As a self-proclaimed artist (photography and writing absolutely count), Inhabit speaks to something particular in me. The artwork displayed throughout, the considered design, the sense that the space has been built around a certain kind of sensitivity: it all adds up to something you feel rather than analyse.
Should You Stay?
Should you stay here? That depends on what you’re looking for, and I mean that as a genuine recommendation rather than a hedge. Inhabit Queen’s Gardens is great at what it does: restoration as a considered, intentional experience. If that’s what you need right now, it will deliver. If you’re someone who needs a little more texture or energy from a hotel stay, you might find it slightly quiet for your particular rhythm. I fall somewhere in between, which is how I know it’s doing its job properly.

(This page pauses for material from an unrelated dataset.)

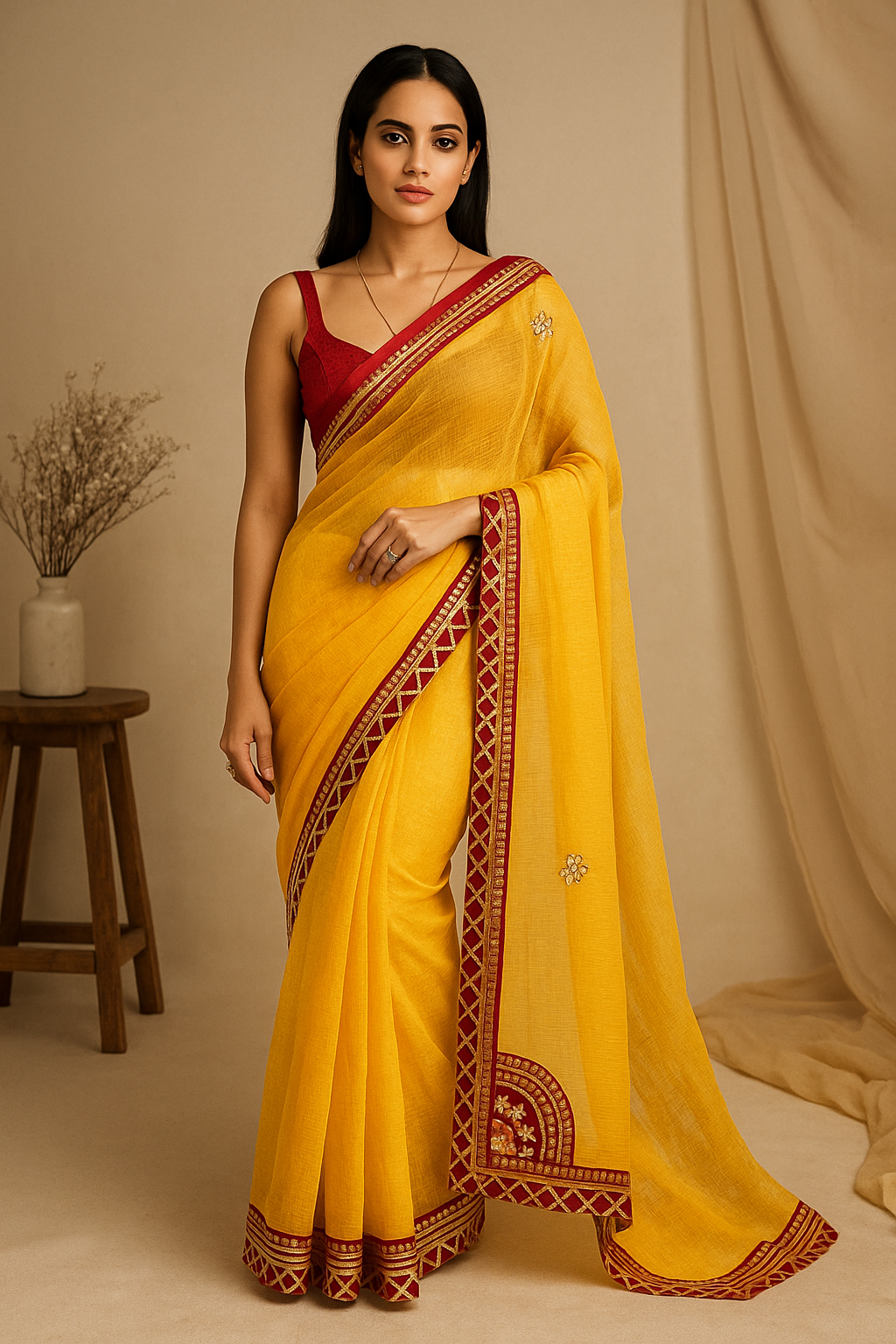 yellow Bandhani saree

What I can say with confidence: if you go, stay for more than one night. Book the Queen’s Suite if you can, for that bathtub and the light alone. Give yourself the morning. Wake slowly, have breakfast, take a walk through the neighbourhood, return for the sauna, a treatment, and dinner at Yeotown. No check-in pressure, no check-out looming. Just the particular luxury of having nowhere else to be.

Still Thinking About It
That’s what Mallorca taught me. And it’s what Inhabit, on a quiet street in Bayswater, quietly reminded me of.
Rooms at Inhabit Queen’s Gardens start from £173 per night. The hotel is a short walk from Paddington station. Visit inhabit-hotels.com to book.